** Opening RECORDED DATA block **

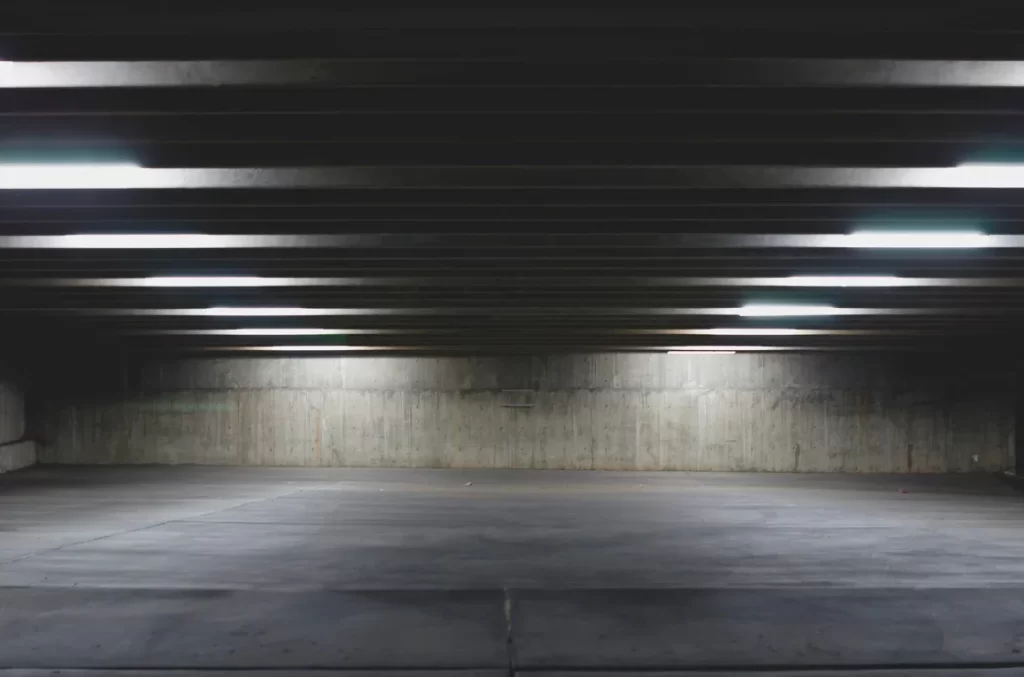 städat garage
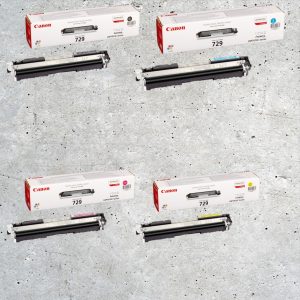 Canon 729 originele toners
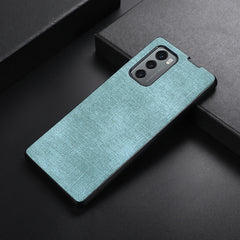 Brugg Texture PU+TPU+PC Shockproof Phone Case, For iPhone 13 Pro Max, For LG Wing 5G, For Motorola Razr 5G, For Huawei P50 Pocket, For Samsung Galaxy Z Flip3 5G, For Samsung Galaxy Z Fold3 5G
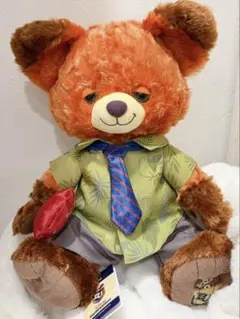 ユニベアシティ　ぬいぐるみ　ニック　ズートピア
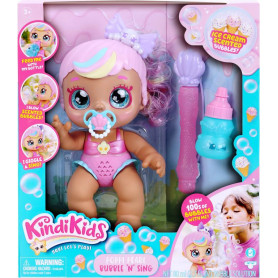 KINDI KIDS S5 BUBBLE 'N' SING - POPPI PEARL
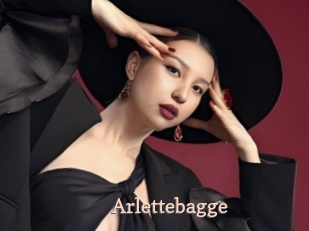 Arlettebagge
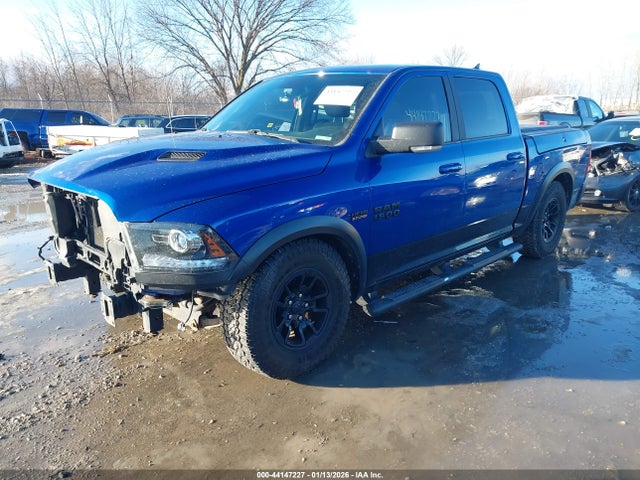 2017 RAM 1500 1C6RR7YT7HS784849 Photo 1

** Closing RECORDED DATA block **

§ **WORK TO COMPLETE**
Please output every record above exactly as written, leaving out the pictures.

§ **TASK SOLUTION**
 städat garage
 Canon 729 originele toners
 Brugg Texture PU+TPU+PC Shockproof Phone Case, For iPhone 13 Pro Max, For LG Wing 5G, For Motorola Razr 5G, For Huawei P50 Pocket, For Samsung Galaxy Z Flip3 5G, For Samsung Galaxy Z Fold3 5G
 ユニベアシティ　ぬいぐるみ　ニック　ズートピア
 KINDI KIDS S5 BUBBLE 'N' SING - POPPI PEARL
 Arlettebagge
 2017 RAM 1500 1C6RR7YT7HS784849 Photo 1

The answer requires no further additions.